So, what on Earth was so shattering that I drove all the way to Panchkula from Chandigarh, just to have a buffet meal? The answer is the Pahadi Food Festival which Masala Grill has organized. Now, here's a thought which probably struck any other hotelier in this region. A huge chunk of chefs in the tri-city are from Himachal or hilly areas in general. And yet, we have all kinds of festivals ranging from Hyderabadi, Goan to Bengali, Rajasthani and South Indian. But I, at least, have never heard of a Pahadi food fest, when you've got just the right folks in the kitchen to make it happen.
So, full marks on that note to team Cove. Now, for the execution. When we travel, we enjoy local favourites of the region. So, when in Goa, you just can't avoid the vindaloo or the fish curries or even the calamari. But that works to a point after which saturation hits and one yearns for homely food from the roots. Similarly, chefs who’ve left their native villages and towns and have come to the city to work, miss their cuisine, their own flavours, their home. So, when a chef is asked to serve his home cuisine, you can imagine how excited they get and you can never be disappointed if the chef is happy. This is precisely what we saw and savoured at the Masala Grill during this festival which officially begins on 6th and ends on 15th April.
We began the meal with tadka chaas which was outstanding and it set the system rolling for the meal. The meal itself began with Kukhura Soup, a light chicken shorba that was just superb. Perfectly spiced and yet devoid of any thickener, this was chicken soup for the soul.
Among the starters, I absolutely loved the Topchi Kukkad, a type of grilled chicken that was just outstanding, to say the least. Along with that, the Gaad ko Machha, a type of ajwain grilled fish was equally superb. From the vegetarian menu, Pahadi Siddu was a bao style steamed dumpling with daal pitthi filling which was unique and went brilliantly with the novel garnishing that was served along.
I also loved Bhabri ka Paneer and Tehri ke Ptunge.
The mains blew us away. The simplicity that we experienced in this meal was very impressive. Most festivals try to commercialise dishes which usually means they’re over enthusiastically prepped with spices, cream or other enhancers. Here, the quintessential “atithi devo bhava” was evident in the homely cooked cuisine. For instance, the Pahadi Jangli Murgh was a simple chicken curry which was 10/10 in its own right. I generally don’t like chicken curries, in lieu of the more Punjabi, creamy and buttery gravies or the complete opposite oriental style recipes. But this curry blew me away. The chicken was exactly how one cooks at home, a little too soft and too easy on the bone and the curry was spot on, perfectly balanced on spices and flavours.

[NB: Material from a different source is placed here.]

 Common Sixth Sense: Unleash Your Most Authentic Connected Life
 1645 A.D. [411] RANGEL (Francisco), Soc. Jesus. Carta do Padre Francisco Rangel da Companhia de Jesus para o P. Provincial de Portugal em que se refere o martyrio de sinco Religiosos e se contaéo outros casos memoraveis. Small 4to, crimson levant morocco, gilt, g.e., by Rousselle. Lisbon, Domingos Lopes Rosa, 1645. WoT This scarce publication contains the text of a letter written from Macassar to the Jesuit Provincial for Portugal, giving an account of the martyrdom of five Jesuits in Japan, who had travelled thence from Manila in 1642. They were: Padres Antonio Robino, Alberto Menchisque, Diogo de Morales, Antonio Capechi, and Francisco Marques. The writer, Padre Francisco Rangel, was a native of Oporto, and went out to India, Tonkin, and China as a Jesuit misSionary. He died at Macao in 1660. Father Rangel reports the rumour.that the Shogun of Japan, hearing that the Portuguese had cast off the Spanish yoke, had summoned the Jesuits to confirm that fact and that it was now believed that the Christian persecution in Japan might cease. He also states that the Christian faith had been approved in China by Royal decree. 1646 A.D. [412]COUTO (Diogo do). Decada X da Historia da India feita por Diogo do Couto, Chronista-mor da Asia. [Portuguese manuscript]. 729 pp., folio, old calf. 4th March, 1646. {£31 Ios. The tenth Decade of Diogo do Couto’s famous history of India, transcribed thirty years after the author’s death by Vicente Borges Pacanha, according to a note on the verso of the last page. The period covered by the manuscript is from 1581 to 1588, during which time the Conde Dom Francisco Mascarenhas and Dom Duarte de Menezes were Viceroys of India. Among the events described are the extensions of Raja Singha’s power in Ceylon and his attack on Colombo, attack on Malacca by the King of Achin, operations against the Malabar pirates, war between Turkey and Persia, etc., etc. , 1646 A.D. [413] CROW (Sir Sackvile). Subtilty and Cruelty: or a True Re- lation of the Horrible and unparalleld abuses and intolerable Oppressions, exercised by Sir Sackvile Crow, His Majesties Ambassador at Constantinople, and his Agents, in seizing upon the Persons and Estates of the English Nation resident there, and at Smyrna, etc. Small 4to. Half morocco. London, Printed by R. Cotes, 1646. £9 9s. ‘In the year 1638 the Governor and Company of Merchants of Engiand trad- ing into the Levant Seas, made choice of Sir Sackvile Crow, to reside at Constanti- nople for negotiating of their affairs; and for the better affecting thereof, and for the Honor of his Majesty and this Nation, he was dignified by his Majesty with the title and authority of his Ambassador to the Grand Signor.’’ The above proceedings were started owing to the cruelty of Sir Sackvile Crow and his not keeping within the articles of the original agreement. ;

In a similar fashion, the Kirti Shahi Shikaar was a mutton gravy done absolutely right. Not only the mutton was succulent, the gravy itself was just brilliant. When paired with some of the most amazing rotis we’ve ever had, such as the must-have ‘Mungri ki roti’ or the kachori like Suwali, you would be left with nothing more than heart’s content and a big smile on your faces.
I loved the assortment of rotis that were served. They were filled with everything from colocasia to beans and more and they were all very unique, very novel, very earthly. From the vegetarian menu, my favourite was the Kafulu ka saag.
We finally made it to desserts and what better way to end the meal than with Parwal ka Chamcham, Amla ka murabba and Jhangora ki Tasmai, a type of rice kheer. Overall, we were left super impressed by the authenticity of the cuisine and a chance to discover recipes that we, townsfolk hardly know about.
You must try this fest. It is unique, never seen before and quite economical too. Savour it, as long as it lasts and I wish this becomes a regular feature here.